MP e Defensoria querem que serviço de bilhetagem eletrônica seja licitado

Administradora do serviço, RioCard nega irregularidades
Administradora do serviço, RioCard nega irregularidades Eduardo Naddar/Agência O Dia/ AE / Arquivo

O MP-RJ (Ministério Público do Estado do Rio de Janeiro) e a Defensoria Pública entraram com uma ação civil para retirar a Fetranspor (Federação das Empresas de Transportes de Passageiros do Rio de Janeiro) e a RioCard da administração do bilhete único. O processo pede ainda que o serviço de bilhetagem eletrônica seja licitado pelo Governo do Estado. Segundo a ação, o sistema atual é ilegal e pode acarretar prejuízo aos passageiros.

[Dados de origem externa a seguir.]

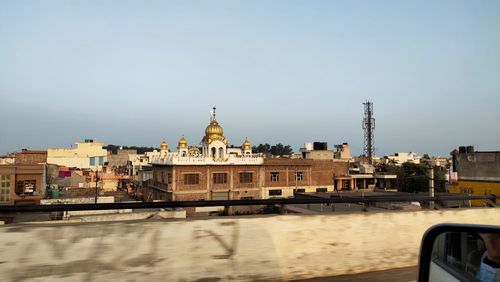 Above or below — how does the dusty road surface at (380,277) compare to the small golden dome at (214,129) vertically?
below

Para os órgãos, o bilhete único é um serviço público e, por isso, não poderia ter sido concedido gratuitamente para entidades do setor de transportes, já que a Constituição exige licitação para a concessão do serviço público.

Além do pedido para que o serviço seja licitado em até 180 dias, o processo também pede a condenação dos réus [Governo do Estado, Fetranspor e RioCard] por possíveis prejuízos causados aos consumidores. Segundo a ação, os réus devem indenizar cada consumidor em, no mínimo, R$ 100 e a sociedade fluminense pelos danos morais coletivos em, no mínimo, R$ 260 milhões.

De acordo com informações do MP, "o valor dos danos morais coletivos foi estimado a partir do dinheiro desviado dos cofres públicos mediante o pagamento de propinas no setor de transporte público, conforme investigado pela Operação Lava Jato e decisão da 7ª Vara Federal Criminal".

Para o Ministério Público e a Defensoria, no atual modelo de gestão, as empresas de ônibus controlam informações essenciais para a fiscalização da qualidade do serviço, a definição do preço das passagens e o pagamento de subsídios às empresas de ônibus – o que equivale, segundo descrito na ação, uma situação na qual “a raposa cuida do galinheiro”.

Procurada, a RioCard negou as supostas irregularidades e argumentou que o serviço de billhetagem eletrônica é contratado pelas empresas de ônibus, não acarretando nenhuma cobrança ao passageiro ou ao Estado.

"A RioCard esclarece que não há nenhuma ilegalidade ou inconstitucionalidade na gestão pelas empresas do sistema de bilhetagem eletrônica do transporte de passageiros, uma vez que não se trata de um serviço público. A bilhetagem é uma obrigação legal do concessionário, que delega a RioCard a prestação desse serviço. O serviço público prestado é o de transporte de passageiros, e esse sim, é objeto de licitação", informou em nota.

A empresa afirmou ainda que as informações do sistema de bilhetagem "sempre estiveram à disposição do poder concedente".

A ação civil pública foi proposta em conjunto pela 5ª Promotoria de Justiça do Consumidor, pelo Núcleo de Defesa do Consumidor (NUDECON) da Defensoria Pública e pelas 3ª, 4ª e 7ª Promotorias de Justiça da Defesa da Cidadania.